**RECORDS TO USE**
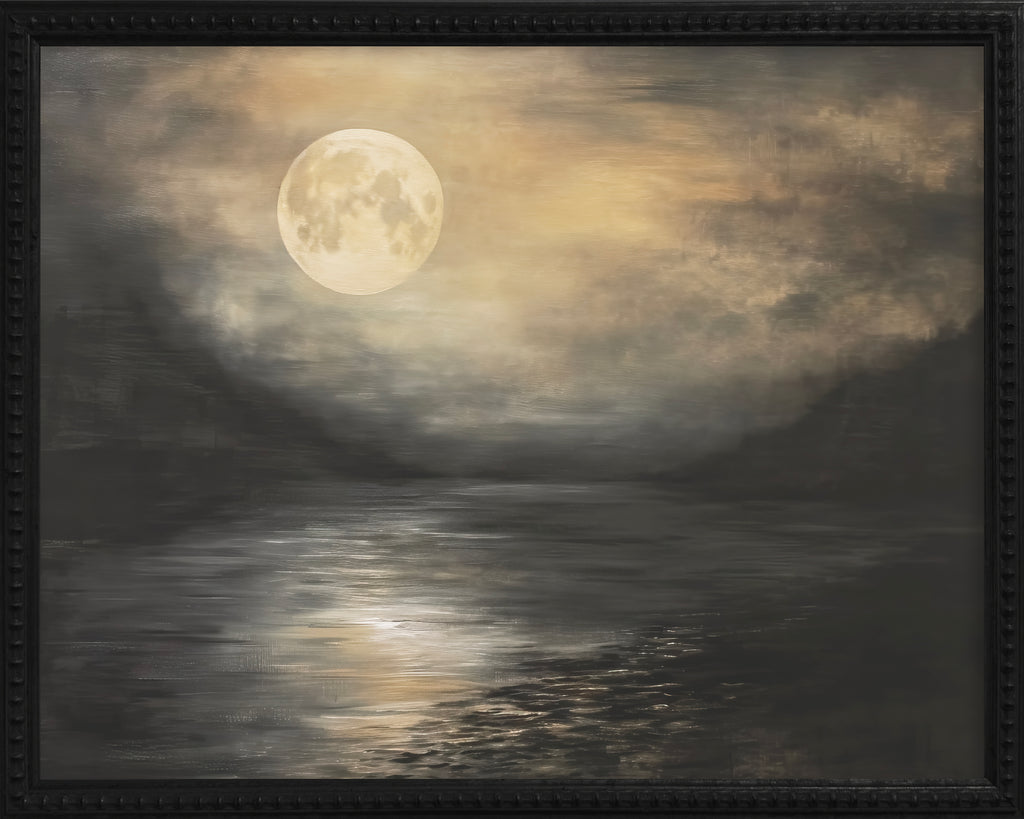 16x20 Black Bead Gallery Frame - Moon Reflections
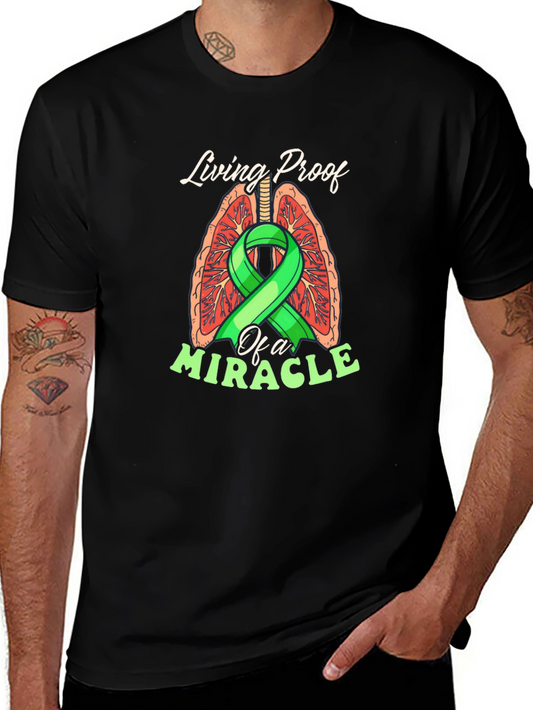 Living Proof Miracle Lung Cancer Awareness T-Shirt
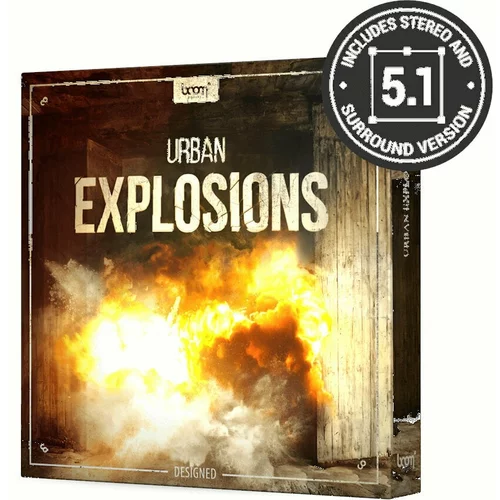 BOOM Library Urban Explosions Designed (Digitalni proizvod)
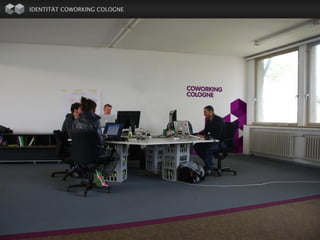 IDENTITÄT COWORKING COLOGNE
   LOGO / AUSWAHL
 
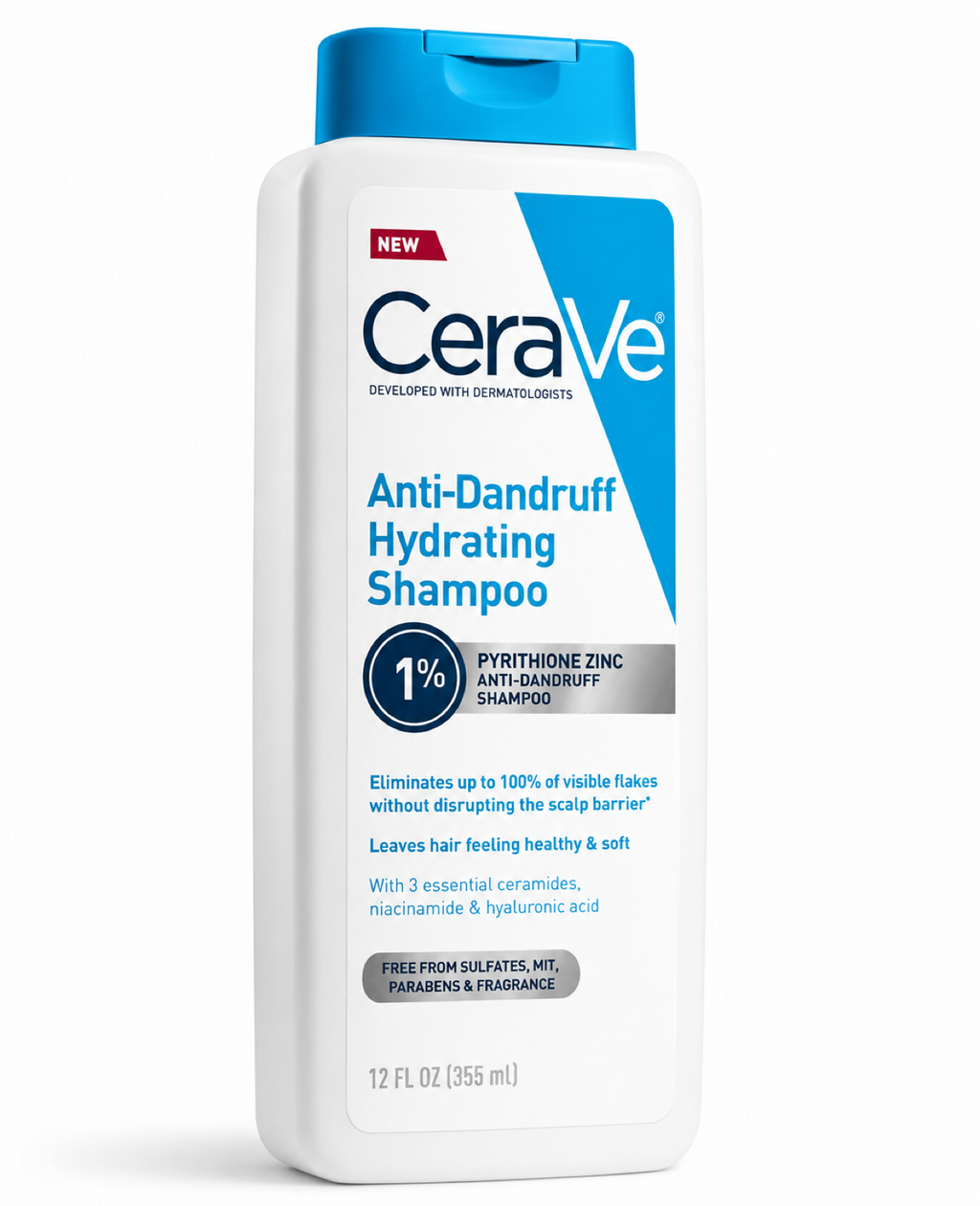 CeraVe Shampoing Antipelliculaire Hydratant – 355ml
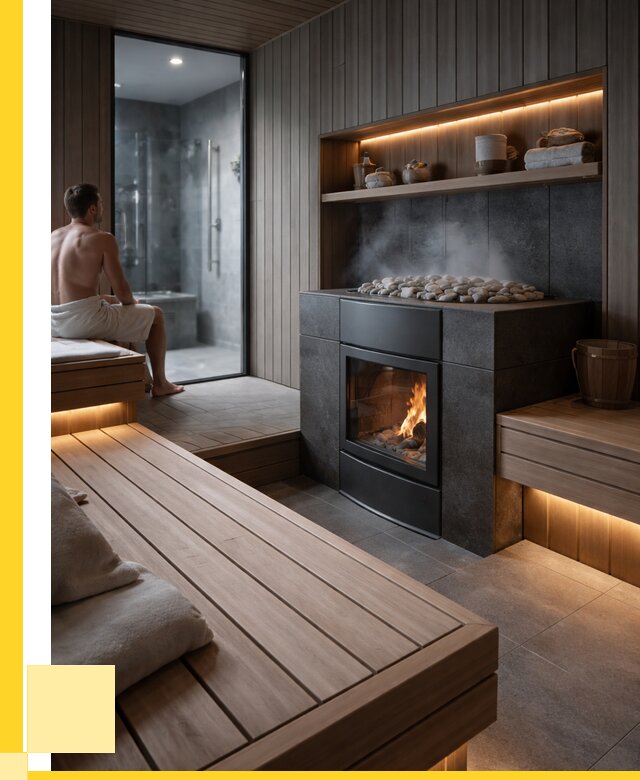 Проект сауны в частном доме в Рассказове от 35753 р. | ЭриданРсз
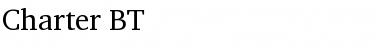 Download Charter BT Roman Font Title Preview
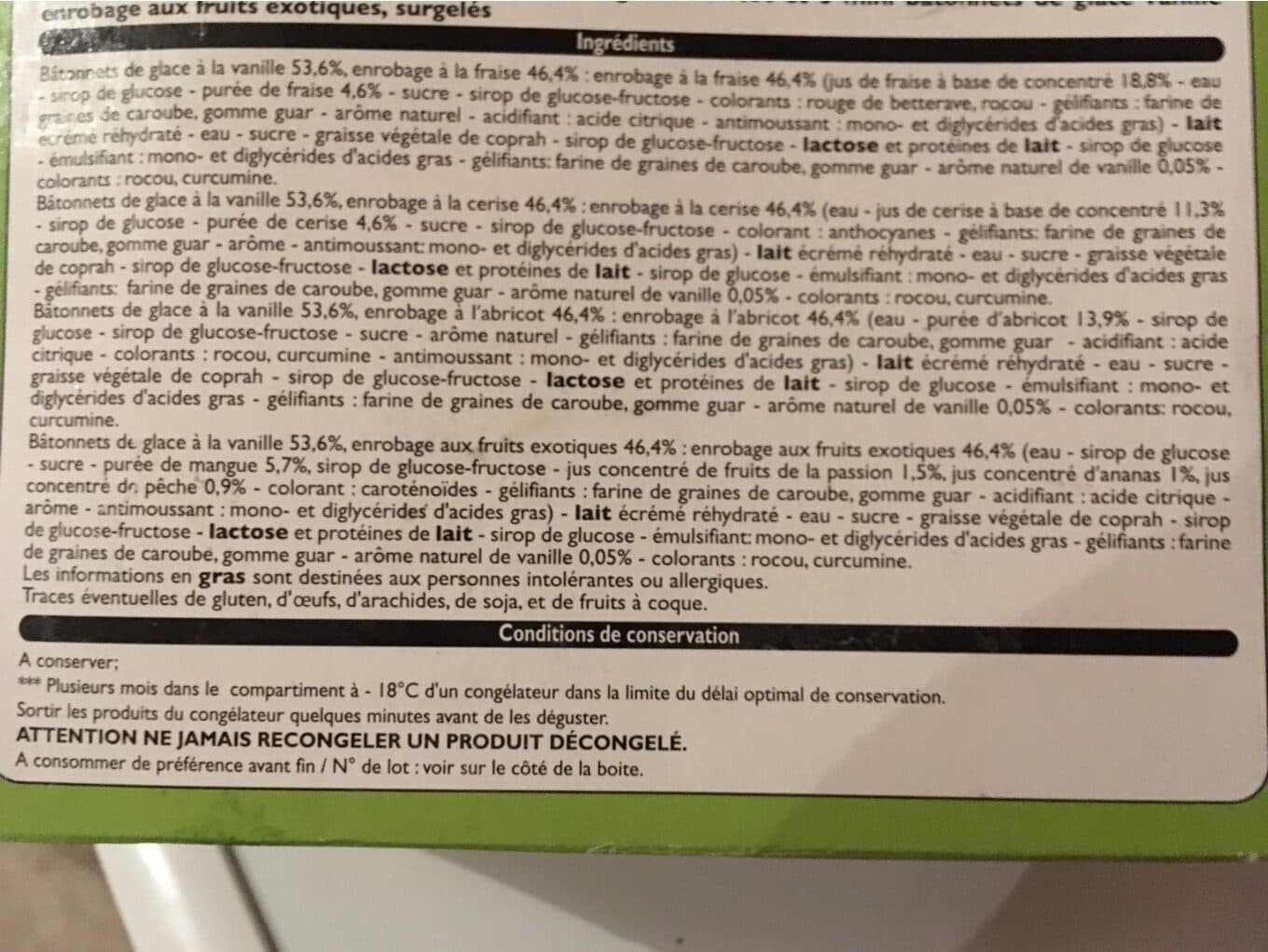 Leader Price Mini Sorbet x12 packshot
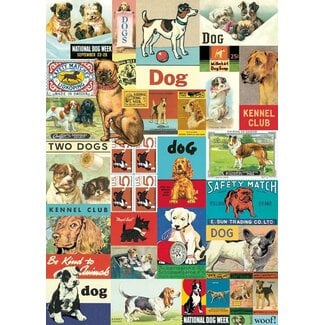 Cavallini Vintage Poster - Vintage Dogs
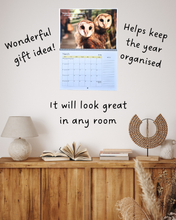 Load image into Gallery viewer, 2026 Wall Calendar JW Printable Monthly Animals with Bible Reading Schedule and Yeartext Homeschool Gift Digital Download includes A4 and Letter size PDF Monday to Sunday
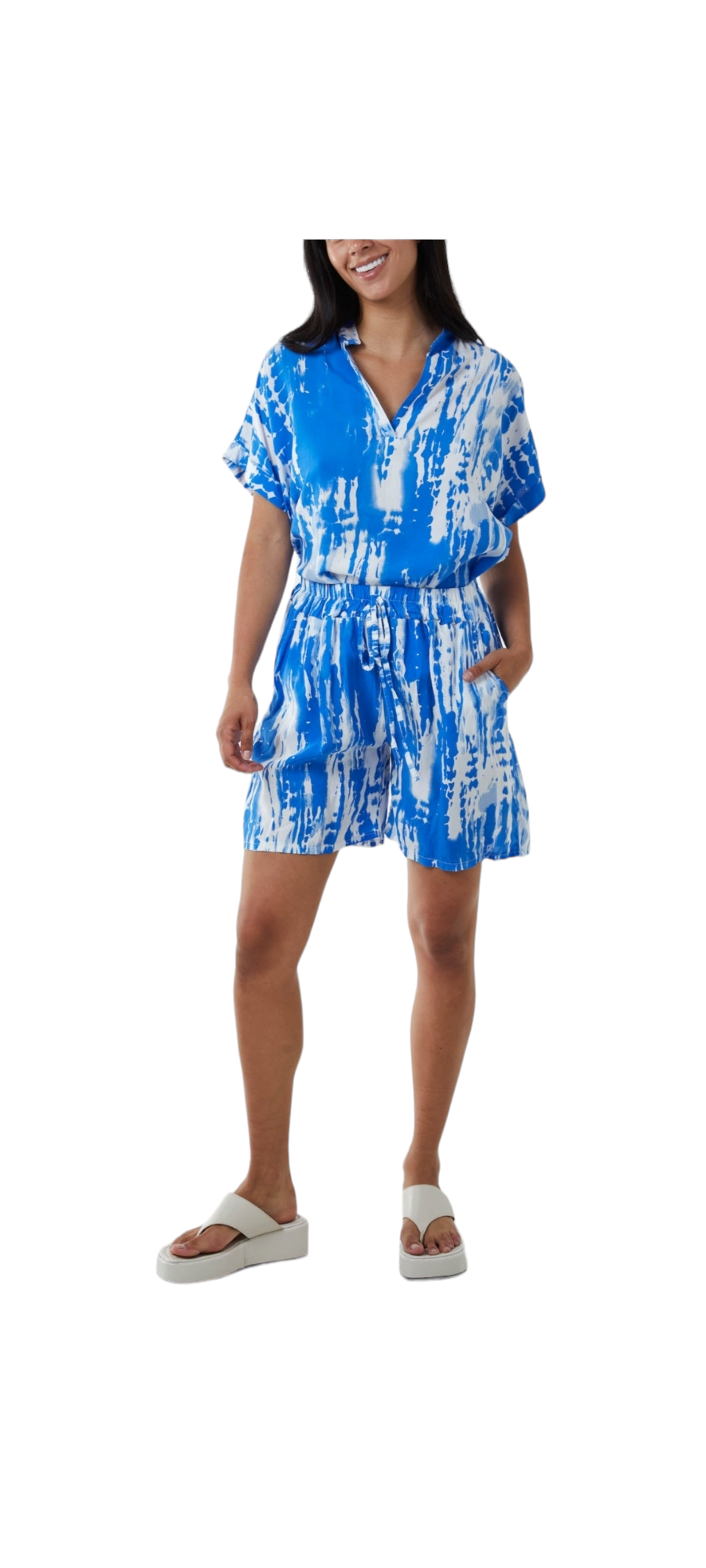 Tie Dye co-ord short set - in four colours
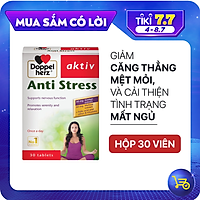 Viên uống hỗ trợ ngủ ngon, giảm căng thẳng, mệt mỏi Doppelherz Aktiv Anti Stress (Hộp 30 viên)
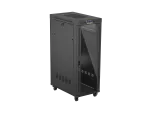 SZAFA INSTALACYJNA RACK STOJĄCA 19" 32U 600X1000 CZARNA DRZWI PRZESZKLONE LCD LANBERG (FLAT PACK)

**TASK**
Please write out the whole listing exactly, but not the pictures in it.

**SOLUTION TO THE PROBLEM**
 16x20 Black Bead Gallery Frame - Moon Reflections
 Living Proof Miracle Lung Cancer Awareness T-Shirt
 BOOM Library Urban Explosions Designed (Digitalni proizvod)
 IDENTITÄT COWORKING COLOGNE
   LOGO / AUSWAHL
 
 CeraVe Shampoing Antipelliculaire Hydratant – 355ml
 Проект сауны в частном доме в Рассказове от 35753 р. | ЭриданРсз
 Download Charter BT Roman Font Title Preview
 Leader Price Mini Sorbet x12 packshot
 Cavallini Vintage Poster - Vintage Dogs
 Load image into Gallery viewer, 2026 Wall Calendar JW Printable Monthly Animals with Bible Reading Schedule and Yeartext Homeschool Gift Digital Download includes A4 and Letter size PDF Monday to Sunday
 Tie Dye co-ord short set - in four colours
 Viên uống hỗ trợ ngủ ngon, giảm căng thẳng, mệt mỏi Doppelherz Aktiv Anti Stress (Hộp 30 viên)
 SZAFA INSTALACYJNA RACK STOJĄCA 19" 32U 600X1000 CZARNA DRZWI PRZESZKLONE LCD LANBERG (FLAT PACK)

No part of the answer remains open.